Welding the world’s first thermoplastic aircraft fuselage

As part of the Clean Sky 2 program, Fraunhofer in Stade, Germany, is demonstrating the assembly of the world’s largest thermoplastic aircraft fuselage. The challenging research project uses various welding processes, automation technologies and new materials to increase efficiency in high-rate production and fuel efficiency by reducing weight.

As part of the Clean Sky 2 project Large Passenger Aircraft (LPA), the Fraunhofer-Gesellschaft in Stade is working with international partners on the Multi Functional Fuselage Demonstrator (MFFD), the world’s first thermoplastic CFRP aircraft fuselage segment. By welding 8-m-long thermoplastic CFRP half-shells along the two longitudinal seams, a fuselage segment with a diameter of around 4 m is created.

Pre-integration and welding technology

Compared to the riveting process the CO2 laser welding process developed by Fraunhofer for the longitudinal seam enables weight reduction and dust-free joining. The need for this arises from the first-time pre-integration of both shells with many structural and system components that are also joined by welding, which would not allow subsequent removal of dust and chips. The innovative design of the MFFD needs significantly less rivets. In future, this will lead to a high increase in efficiency in high-rate production and improve fuel efficiency.

MFFD assembly research platform with integrated thermoplastic fuselage shells at Fraunhofer in Stade, Germany

Automated high-precision assembly

A research platform for automated assembly was developed and set up at the CFK NORD in Stade. The platform comprises a central plant and process control system into which technology modules from other project partners are integrated. The high-precision positioning of the two shells in relation to each other is carried out by ten hexapod robots, which use laser sensors to set the optimum shape and position of the shells and readjust them if necessary.

For CO2 laser welding, CFRP straps up to 4.5 m long are guided and positioned precisely on the seam using a strap handling tool and fed to the attached welding head. The welding head moves along the seam and melts its surface. The strap handling tool then presses the strap against the upper and lower shell joints using a pressing unit with joining forces of up to one ton. To prevent damage to the fuselage structure due to the high joining forces, a special device for force absorption and dissipation supports the shell welding regions within the resulting fuselage sections.
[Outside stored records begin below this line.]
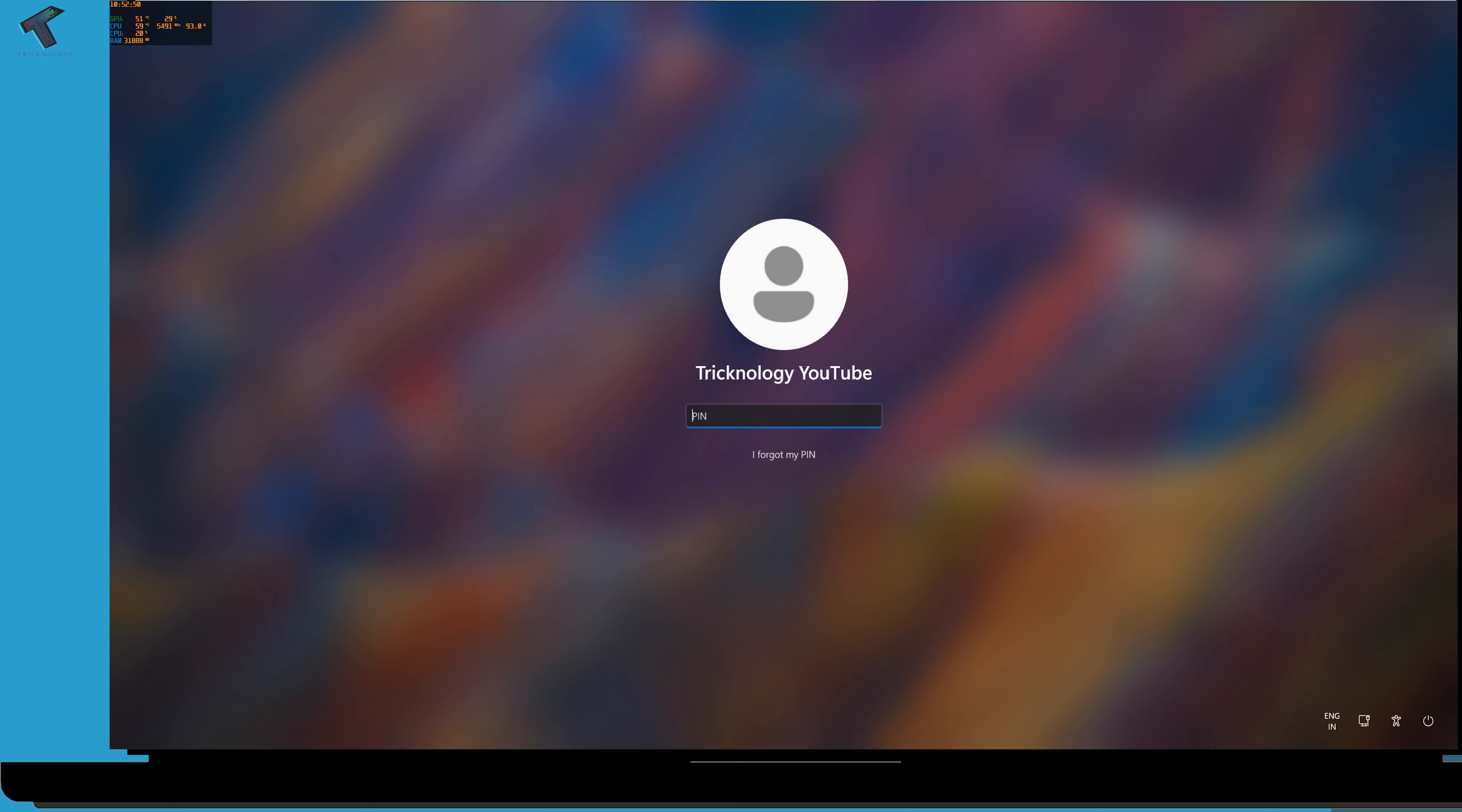Hi guys, welcome back to my channel Technology. Today in this video tutorial, I will show you how to fix the user profile cannot be loaded problem on your Windows 11 PC or laptop. Just follow me.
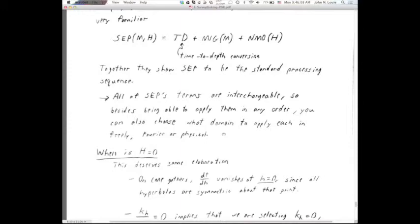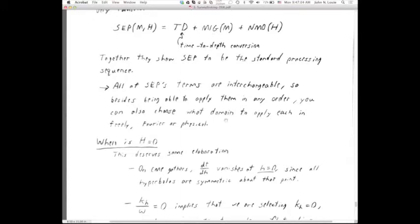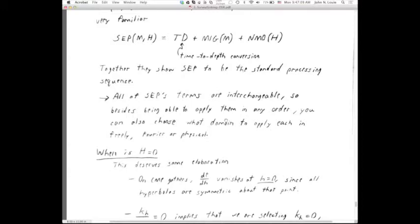SEP differs from the full DSR only where both M and H are non-zero. If either one is zero, SEP is perfectly exact — not even an approximation. You need the full DSR only where there's both dip and the exploding reflector model has broken down — at non-zero offset where velocity varies with X. Anywhere that both conditions aren't true, you can use SEP, standard processing. SEP's terms are fully interchangeable: at the top of the page we have SEP in terms of big M and big H, with terms for time-to-depth conversion (TD), zero offset migration, and NMO.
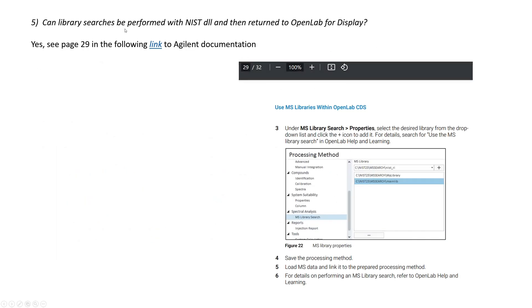Can library searches be performed with NIST DLL and then return to OpenLab? Yes, they can. So you could just do it within OpenLab, and it would call the NIST executable, but instead of displaying it in the MS search, it would bring it back into OpenLab for display.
Gap filling process – filled gap by extruder on a segment of the thermoplastic CFRP fuselage shell

An extruder automatically fills the gaps resulting above and below the straps. After each welded strap, it is guided along the previously created connecting seams, heats the initial granulate and conveys it to the gap via a screw. A special nozzle ensures that the material fills the gap before it hardens in the air. In advance, a 2D sensor integrated in the same end effector measures the local gap volume and transmits this information to the extruder system. Thus, the discharge rate is calculated dynamically during the process so that irregular gaps of 3 – 11 mm in width are filled with the exact amount of molten thermoplastic matrix material required at each position.

Funded by Clean Aviation Joint Undertaking (JU), co-funded by the European Union.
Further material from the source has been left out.